Aquello era, sin embargo, bien real, dolorosamente real. Quiso hablar, pedir socorro, huir; pero, como sucede siempre en tales casos de pesadilla, los pies quedaron clavados en el suelo y la voz expiró en su garganta. Aquellos saltos y sacudidas eran cada vez más angustiosos, hasta que llegó un momento en que sonaron unos estallidos como de algo que se rompiese dentro de la caja. La visión de su violín ya sin cuerdas mágicas le sumía en la desesperación.

Hizo entonces el joven un supremo esfuerzo por libertarse del íncubo que le obsesionaba, mientras que la vocecita suplicante de siempre repetía:

– ¡Hazlo, hazlo por lo que más ames; hazlo por ti mismo si no, y ayúdame a desprenderme de mi…!

Franz saltó hacia la entreabierta caja como el avaro a quien tratan de robarle su tesoro, o como fiera a quien disputan su presa, y en el paroxismo de su desesperación, rugió furioso crispando las manos:

– Diablo, monstruo, o lo que seas, ¡deja quieto mi violín!
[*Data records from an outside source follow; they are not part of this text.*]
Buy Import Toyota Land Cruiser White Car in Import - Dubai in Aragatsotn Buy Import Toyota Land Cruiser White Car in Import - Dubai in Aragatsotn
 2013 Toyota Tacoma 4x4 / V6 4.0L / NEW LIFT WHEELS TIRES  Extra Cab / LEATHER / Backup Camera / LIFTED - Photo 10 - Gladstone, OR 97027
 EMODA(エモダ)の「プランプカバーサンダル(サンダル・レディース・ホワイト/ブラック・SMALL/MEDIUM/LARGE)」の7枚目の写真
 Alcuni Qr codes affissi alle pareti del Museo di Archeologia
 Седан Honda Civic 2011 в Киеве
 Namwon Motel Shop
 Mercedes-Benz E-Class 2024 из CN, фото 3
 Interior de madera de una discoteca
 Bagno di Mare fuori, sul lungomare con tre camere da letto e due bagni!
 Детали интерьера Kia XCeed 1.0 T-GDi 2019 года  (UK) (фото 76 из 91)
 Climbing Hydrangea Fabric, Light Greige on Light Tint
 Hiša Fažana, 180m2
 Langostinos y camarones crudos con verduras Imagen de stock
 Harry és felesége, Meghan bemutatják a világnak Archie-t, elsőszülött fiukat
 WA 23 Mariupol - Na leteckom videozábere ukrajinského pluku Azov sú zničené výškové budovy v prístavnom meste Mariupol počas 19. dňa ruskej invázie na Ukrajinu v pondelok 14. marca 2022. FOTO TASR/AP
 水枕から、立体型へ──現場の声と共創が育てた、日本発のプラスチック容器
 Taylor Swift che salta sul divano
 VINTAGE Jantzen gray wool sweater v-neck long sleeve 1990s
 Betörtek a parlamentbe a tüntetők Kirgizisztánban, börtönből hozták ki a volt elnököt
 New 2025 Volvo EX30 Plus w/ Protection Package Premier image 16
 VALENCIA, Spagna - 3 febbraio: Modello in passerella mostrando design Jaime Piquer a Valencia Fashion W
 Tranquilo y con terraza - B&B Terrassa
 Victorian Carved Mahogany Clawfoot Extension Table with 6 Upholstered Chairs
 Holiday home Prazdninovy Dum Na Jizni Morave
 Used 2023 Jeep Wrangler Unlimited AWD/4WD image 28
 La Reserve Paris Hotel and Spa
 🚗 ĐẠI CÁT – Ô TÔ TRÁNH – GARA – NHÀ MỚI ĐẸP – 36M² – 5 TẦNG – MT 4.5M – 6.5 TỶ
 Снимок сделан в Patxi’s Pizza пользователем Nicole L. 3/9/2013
Y mientras tal decía, sujetó la caja con su izquierda y aseguró la tapa, al par que, con la derecha, dibujaba sobre ésta, mediante un trozo de la colofonia del arco, la famosa pentalfa, el Sello Salomónico, con el que en los cuentos de Las mil y una noches aprisionaba el rey en sus redomas a huestes enteras de los jinas rebeldes.

Un aullido de protesta resonó en el interior de la cerrada caja.

– ¡Eres un perverso ingrato, mi amado Franz! ¡Sin embargo, te perdono tu insolencia, por lo mismo que te amo! Sábete bien, no obstante, que no puedes encerrarme. ¡Mira!…

Y al decir esto, una obscura niebla surgió del seno de la cerrada caja, extendiéndose por la estancia toda y envolviendo en sus frías y viscosas volutas el cuerpo del aterrorizado Franz, cual los anillos de la serpiente antes de estrangular a su víctima. A su contacto de insoportable angustia, el desventurado dió un agudo grito y despertó…

– No ha sido sino un mal sueño -exclamó abrumado el joven y oprimiendo contra su corazón la caja de su estradivarius.

Su violín, en efecto, estaba allí, e intactas sobre su puente sus preciadas cuerdas mágicas, con lo que recobró al punto su sangre fría de siempre. Limpió seguidamente y con esmero el instrumento, dió resina a las cerdas del arco, puso en tensión las cuerdas, templándolas, y hasta llegó a ensayar las primeras notas de Las Brujas, primero con miedo y luego con denodados bríos.

Aquellas primeras notas de la obra, insultantes y altivas cual himno de combate, al par que dulces y majestuosas cual arpegios de serafines, revelaron al hábil Franz una nueva y gigantesca potencia en su arco. En los ligados de notas que después venían, se veían surgir iris maravillosos, cataratas de luces, tibias, perfumadas, ultraterrestres…, cual en un supremo himno de amor, de juventud y de eterna primavera. Aquellas armonías, nunca oídas, parecían poder hacer que los ríos detuviesen su curso, que las montañas se trasladasen de sitio y hasta que los poderes del infierno inexorable se enterneciesen de piedad… Los legato se convirtieron en singulares arpegios y terminaron por unos acres staccalos, semejantes a la carcajada de una harpía infernal… De nuevo asaltaron entonces a Franz los terrores astrales de la pesadilla; reconoció en aquella carcajada la propia voz de su anciano maestro Samuel y arrojó acobardado el arco.

No atreviéndose a continuar aquella evocación musical brujesca, encerró cuidadosamente en su caja el terrible instrumento; lo llevó al comedor, y, vistiéndose con el mayor esmero, se dió a esperar lo más tranquilamente que pudo la hora solemne de marchar a la palestra.